Echo un vistazo a la habitación, al cuarto de baño y a la terraza; me coloco en mitad de la estancia y pronuncio su nombre, presa de una extraña sensación de intranquilidad, nerviosismo y pánico que no consigo explicarme del todo.

Sin embargo, al ver que ella no aparece, me tumbo en la cama, me acurruco todo lo que puedo y revivo el dolor de su pérdida una vez más.

—Ever, cariño, ¿te encuentras bien? —Sabine deja las bolsas en el suelo y se arrodilla a mi lado; siento la frescura y la firmeza de su mano sobre mi piel caliente y húmeda.

Cierro los ojos y niego con la cabeza; sé que, a pesar del reciente desmayo, a pesar del malestar y el cansancio que me embargan, no estoy enferma. Al menos, no de la forma que ella cree. Es algo más complicado que eso y no se cura con tanta facilidad.

Ruedo hacia un lado y utilizo el extremo de la funda de la almohada para enjugarme las lágrimas. Luego me vuelvo hacia ella y le digo:

—A veces... a veces lo ocurrido cae como una losa encima de mí, ¿sabes?
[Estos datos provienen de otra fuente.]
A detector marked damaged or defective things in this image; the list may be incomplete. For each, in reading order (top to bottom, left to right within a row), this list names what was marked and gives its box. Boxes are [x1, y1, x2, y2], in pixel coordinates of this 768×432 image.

Y la cosa no mejora con el tiempo.

Me falta aire, y los ojos se me llenan de lágrimas una vez más.

Sabine me mira con una expresión suavizada por la pena.

—No estoy segura de que vayan a mejorar nunca —me dice—. Creo que tendrás que acostumbrarte a esa sensación de vacío y de pérdida y aprender a vivir con ella. —Sonríe y me limpia las lágrimas con la mano.

Y cuando se tumba a mi lado, no me aparto. Solo cierro los ojos y me permito sentir su dolor, y el mío, hasta que se mezclan y se convierten en una masa sin principio ni fin. Y nos quedamos así, llorando, charlando y compartiendo cosas, como deberíamos haber hecho hace mucho tiempo. Si yo lo hubiese permitido. Si no la hubiera apartado de mi vida.

Cuando Sabine se levanta por fin para preparar algo de cenar, rebusca en las bolsas de la compra y dice:

—Mira lo que he encontrado en el maletero de mi coche. Te la tomé prestada hace una eternidad, justo después de que te mudaras aquí. No recordaba que la tenía todavía.

Me arroja la sudadera con capucha de color melocotón.

La misma cuya existencia yo había olvidado.

La misma que no me he puesto desde la primera semana en el instituto.

La misma que llevaba puesta en la foto que Damen tiene sobre su mesita de café, aunque por aquel entonces ni siquiera nos conocíamos.

El día siguiente en el instituto, llevo el coche más allá de Damen y de ese estúpido sitio que siempre reserva para mí y aparco en lo que me parece la otra punta del mundo.

— ¿Qué demonios haces? —Pregunta Miles, que me mira con incredulidad—. ¡Has dejado atrás el sitio! ¡Y ahora mira todo lo que tendremos que caminar!

Cierro la puerta del coche con fuerza y atravieso el aparcamiento a toda prisa. No presto atención a Damen, que me está esperando apoyado contra su coche.

— ¿Hola? Tío moreno y guapo a las tres en punto; ¡acabas de dejarlo atrás! ¿Qué narices te pasa? —Pregunta Miles, que me coge del brazo y me mira a los ojos—. ¿Os habéis peleado o qué?